Speaking of Carson, he has had some great Carson Quotes lately since the little miss has been home. The hardest thing about having three kids so far is trying to keep the boys off Gwen! They just want to smoother her (literally) with love! Carson can't get enough of her! He's always asking where she is and if she's okay. Reese isn't quite as interested but he still is always asking to hold "him." He's a little confused because my sister in law had her baby boy a week before and named him Tyce so Reese thinks that Gwen is baby Tyce. Reese had a tough day or two at first and ended up having 7 accidents in one day. He's doing a lot better but I really felt bad for Ryan who had to clean up mess after mess. Carson is adjusting really well but he's a little weepy and a little unsure of things but both boys are coming around and doing great. Anyway, back to Carson Quotes:

Dear Heavenly Father,
Thank you for the sunshine.
Thank you for the Little Princess.
Grateful she came to our family.
Name of Jesus Christ, Amen.


I love her.
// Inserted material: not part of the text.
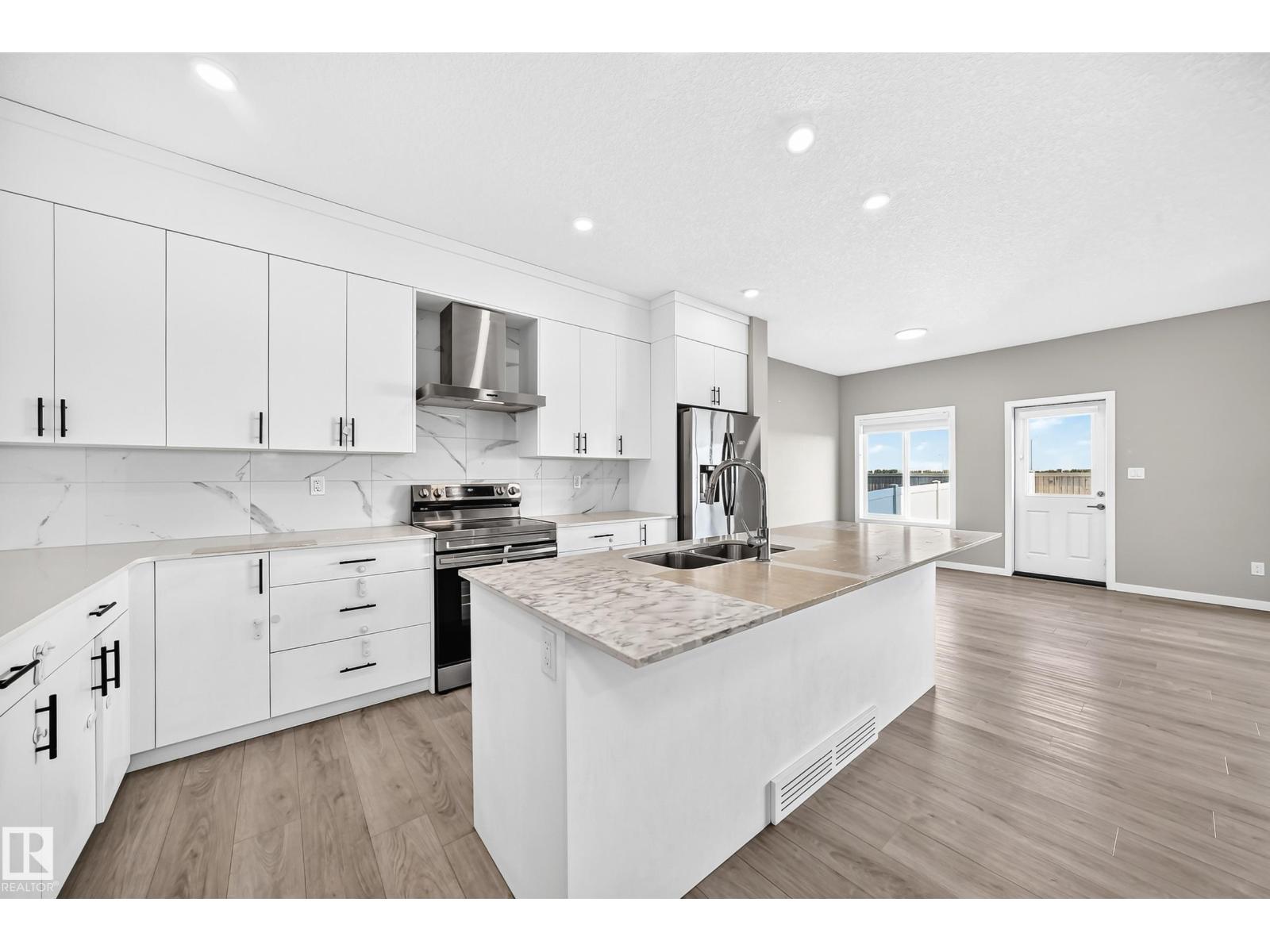 7056 182 Avenue NW - 10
She's so cute. She loves me. I'm twiter-pated. (from the movie Bambi)


And remember this song? He's even changed the words, his idea, to go...
Gwen, I love you. Gwen, I do...


That boy smitten!

Well, kudos to anyone who's actually read this whole post! It turned out a lot longer than I planned so I'll just have to add the pictures in another post!

7 comments:

Becca Bingham said...

I love how much your boys love that girl!! Good luck recovering and handling 3!

Anonymous said...

This is Milz, my comp is being stupid.
Anyway, great post.
I'm glad the boys are slowly coming around.
Things always get better.
I wanna see pic's.

Debbie Thompson said...

Love the Carson quotes, adorable!

Isaak and Jackie said...

so happy that all worked out okay. Sorry for the trauma and drama giving labor is a very nerve racking thing, way to be strong!

Krysta McClure said...

Trauma and drama..... guess it must come with the territory of having children... during and after birth!!! How is the drama going for the new mama? Hope you are loving that newborn as much as we are!!!!

BrittWilk said...

she's beautiful and perfect! glad your crazy story ended so beautifully!! :) congrats!

Michelley said...

So glad she came out healthy and happy. Sorry you had to go through all that stress and worry!!